>>>
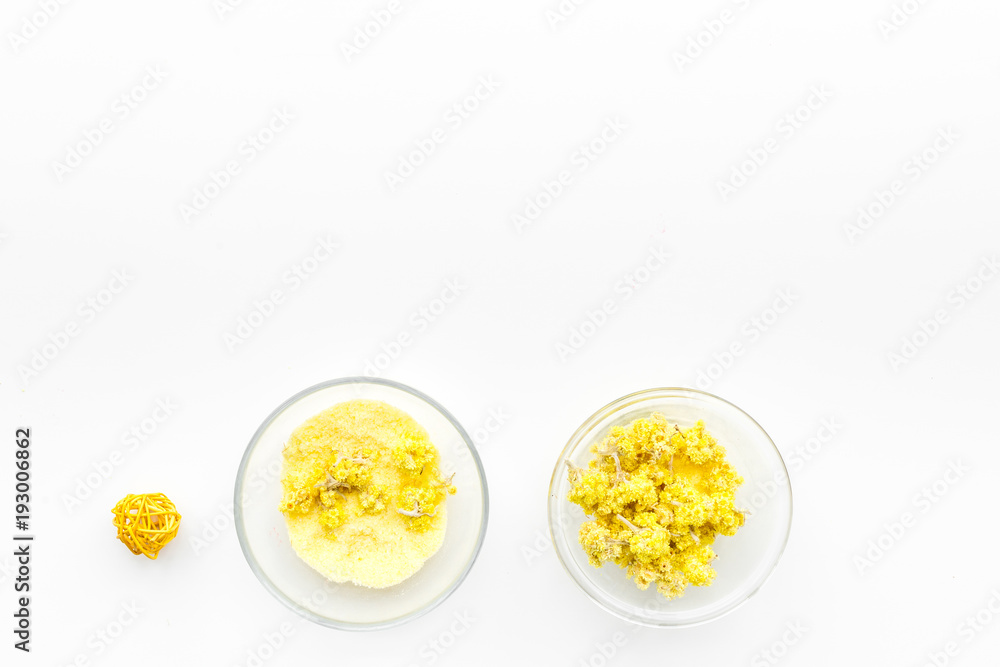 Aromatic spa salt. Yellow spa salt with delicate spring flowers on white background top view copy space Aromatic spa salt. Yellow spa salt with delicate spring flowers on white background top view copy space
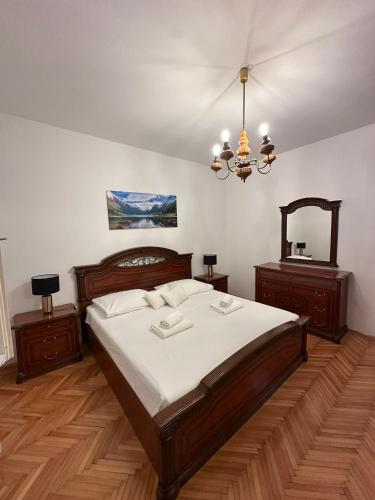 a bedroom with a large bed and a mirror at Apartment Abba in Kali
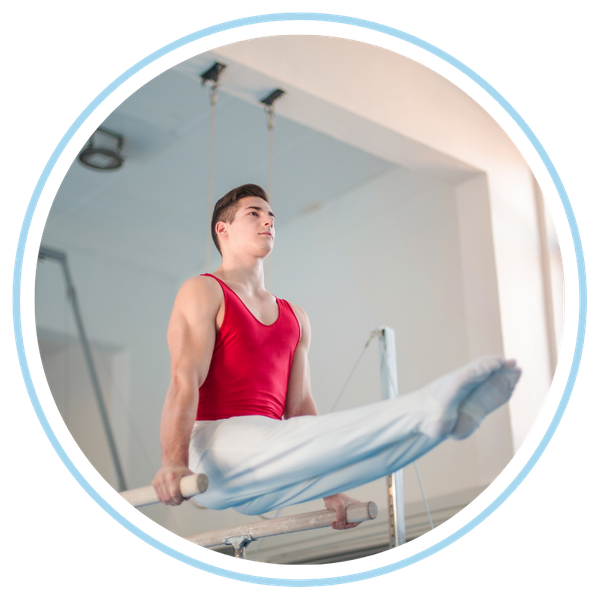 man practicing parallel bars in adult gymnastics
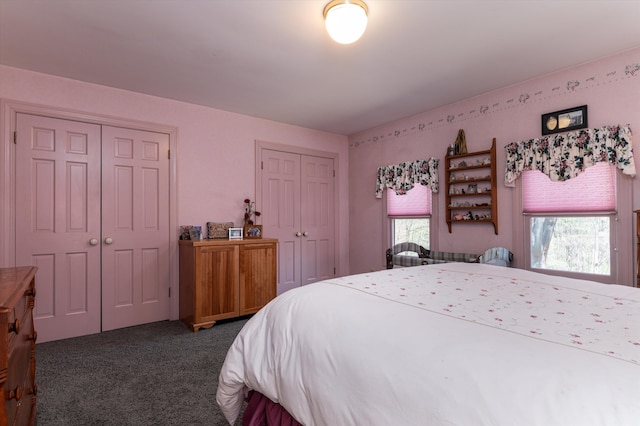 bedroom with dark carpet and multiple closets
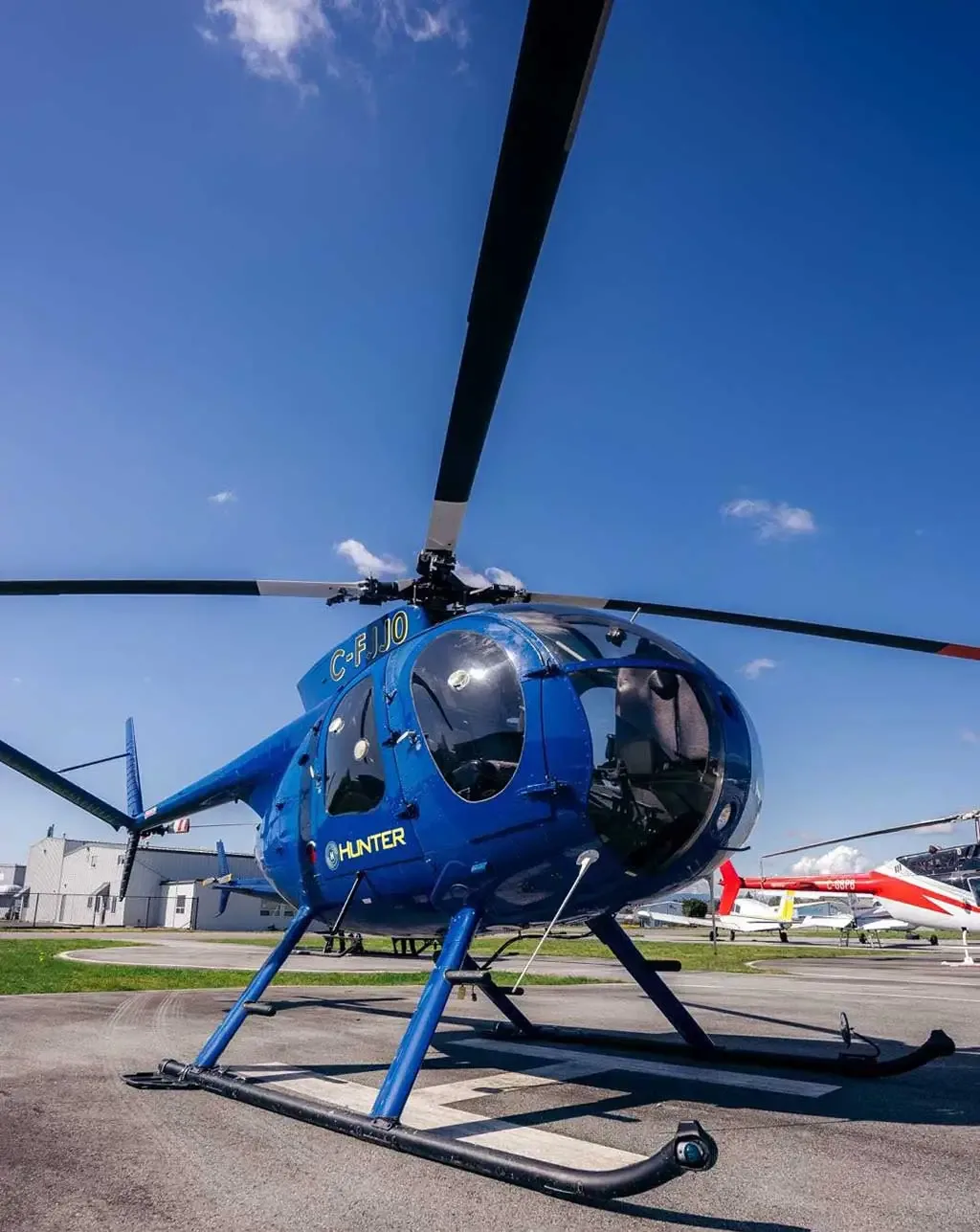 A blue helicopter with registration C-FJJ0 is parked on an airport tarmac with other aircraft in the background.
<<<
[Directions for this task]: Exclude all images and return the listing word for word.

[Reply]:
 Aromatic spa salt. Yellow spa salt with delicate spring flowers on white background top view copy space Aromatic spa salt. Yellow spa salt with delicate spring flowers on white background top view copy space
 a bedroom with a large bed and a mirror at Apartment Abba in Kali
 man practicing parallel bars in adult gymnastics
 bedroom with dark carpet and multiple closets
 A blue helicopter with registration C-FJJ0 is parked on an airport tarmac with other aircraft in the background.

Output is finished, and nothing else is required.